The Senate Banking Committee is considering three separate bills that would establish national servicing standards.

Such rules could require servicers to establish a single point of contact with borrowers, prohibit servicers from proceeding with a foreclosure at the same time they are working with the homeowner on a loan modification, and seek to address conflicts of interest between loan servicers and the investors who own the loans.

Panel Democrats are hoping to combine the three bills into a single piece of legislation and pass it soon. If it clears the Senate, it is likely to face an uphill battle in the Republican-controlled House.

Still, the legislative push is just one of several efforts to establish stricter rules of the road for servicers.

Fannie Mae and Freddie Mac have their own guidelines for servicers of the mortgages they own or guarantee. Federal regulators, including the Consumer Financial Protection Bureau, which opened its doors late last month, have also been collaborating on the establishment of national servicing standards.

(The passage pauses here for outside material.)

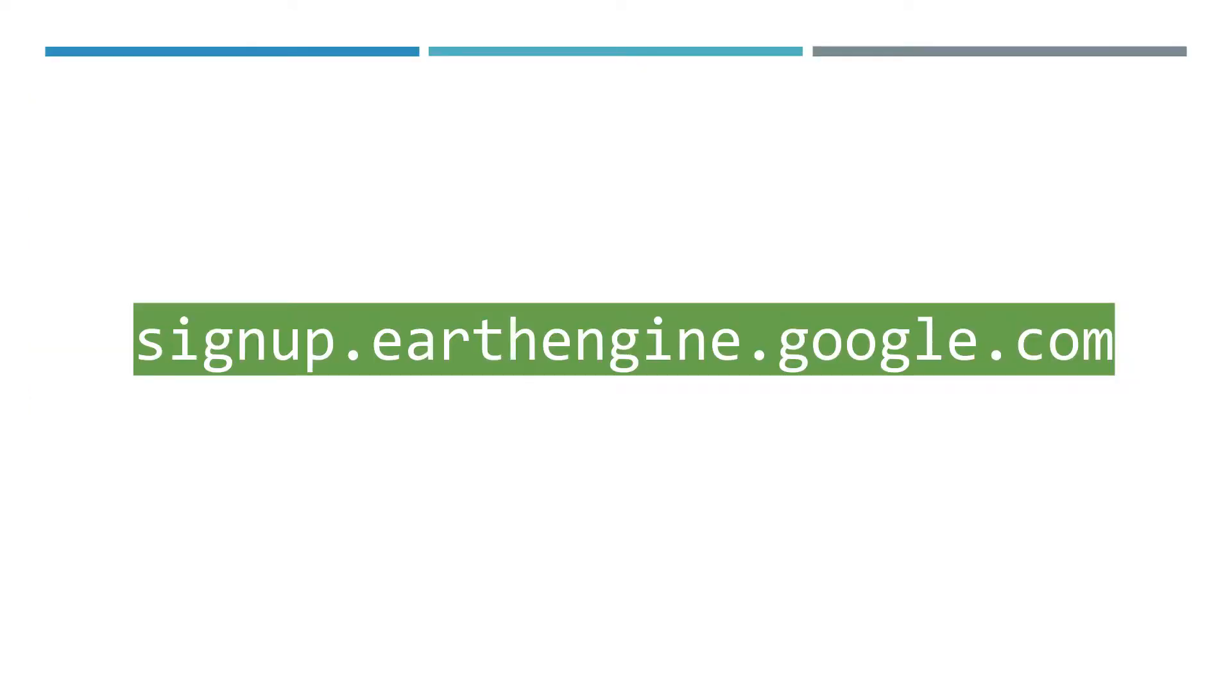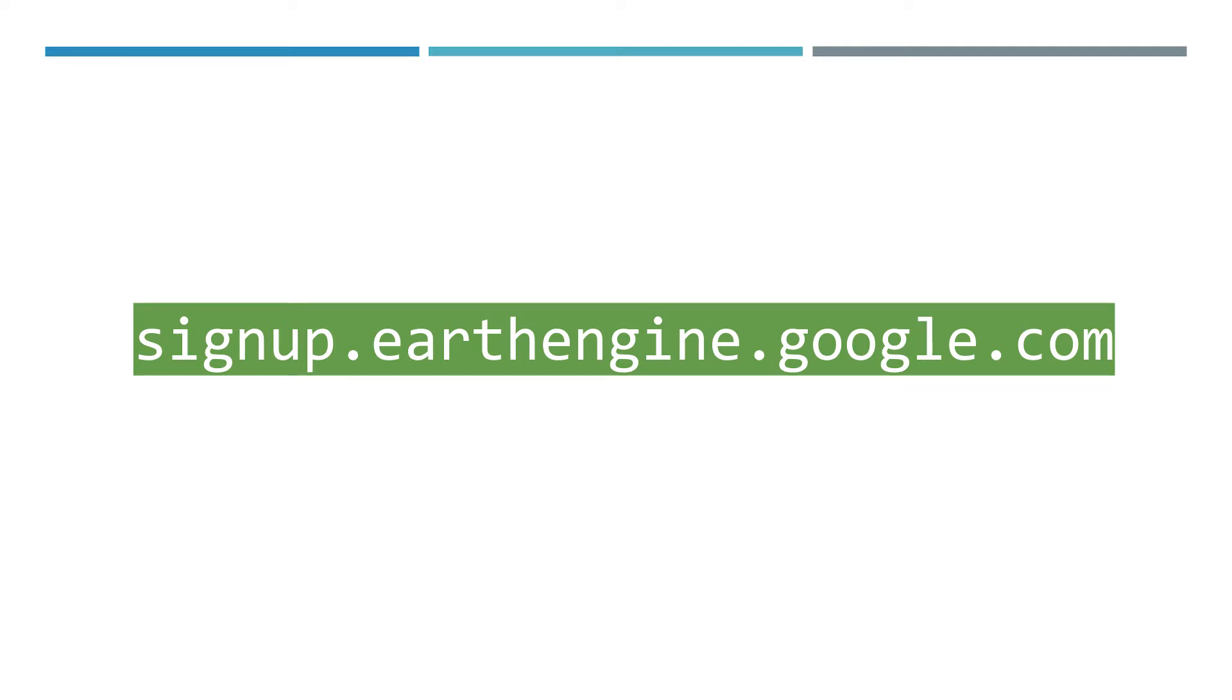If you're interested to sign up for accessing Earth Engine, you need to go to this website: signup.earthengine.google.com. Once you fill in the application form, Google will reply within the next 24 hours, and you'll have access to Earth Engine cloud platform to process and analyze Earth observation data at a planetary scale.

Most of the concerns raised by critics of the mortgage servicing industry do not apply to small banks that originate mortgages and hold them in portfolio.

Hopkins, the South Dakota banker, noted Tuesday that his bank has an average delinquency rate of 1.7% — or about one-third of the national average — on a portfolio of about 5,000 loans.

He said that smaller servicers have better control over mortgage documents than their larger counterparts, and they also have a better understanding of individual circumstances, such as the loss of a job due to the closing of a local employer.